Supplied information:
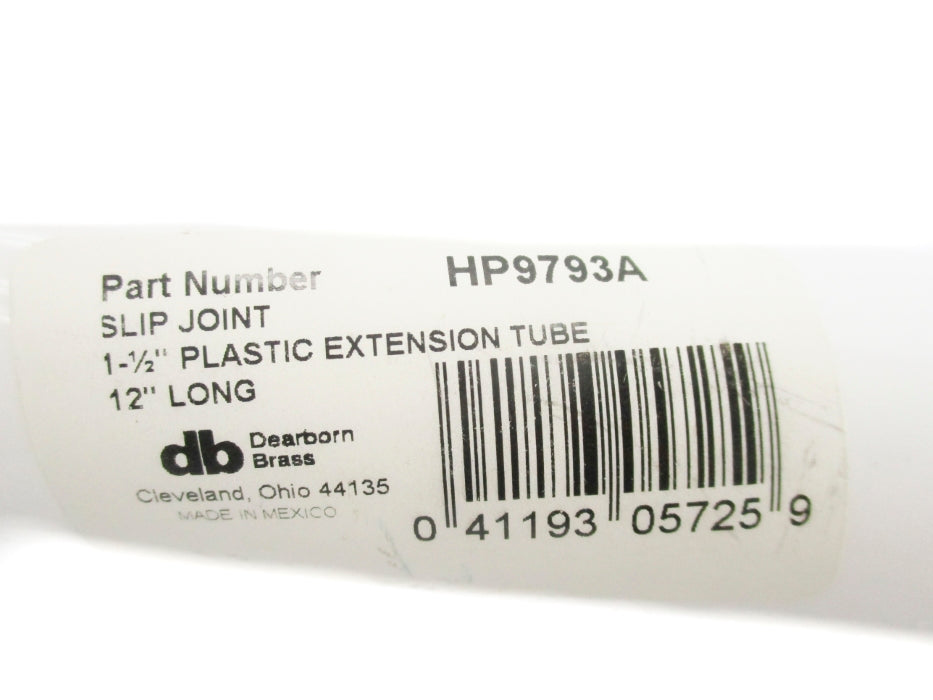 DEARBORN BRASS HP9793A NSNP
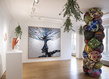 Barthelemy toguo galerie lelong 12 1 grid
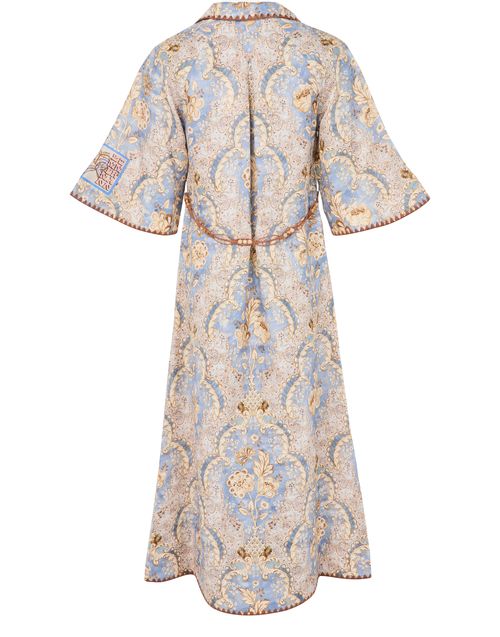 ZIMMERMANN Daylight midi dress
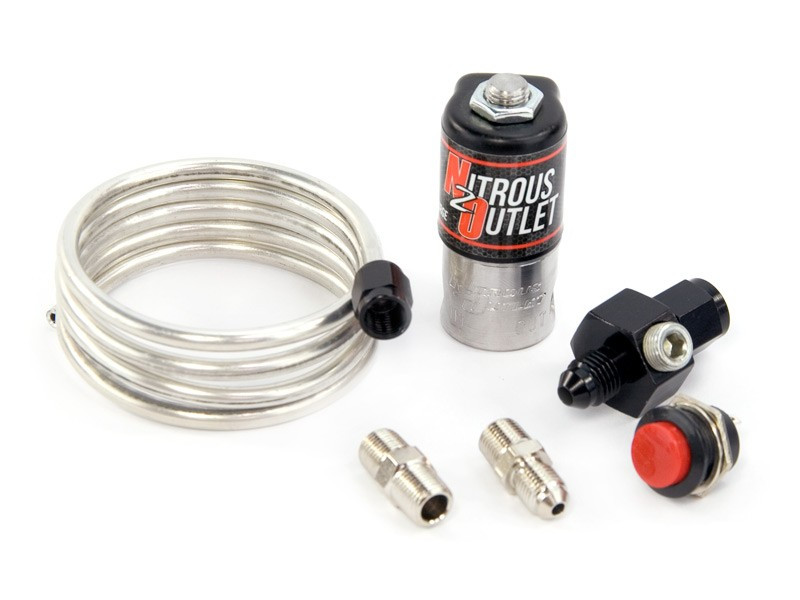 Nitrous Outlet Purge Kit (4AN or 6AN) (0062000)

What this task involves:
The answer must consist solely of the lines from the one with "ZIMMERMANN Daylight midi dress" through the final line of the data, each reproduced exactly and with pictures omitted.

Completed exercise:
 ZIMMERMANN Daylight midi dress
 Nitrous Outlet Purge Kit (4AN or 6AN) (0062000)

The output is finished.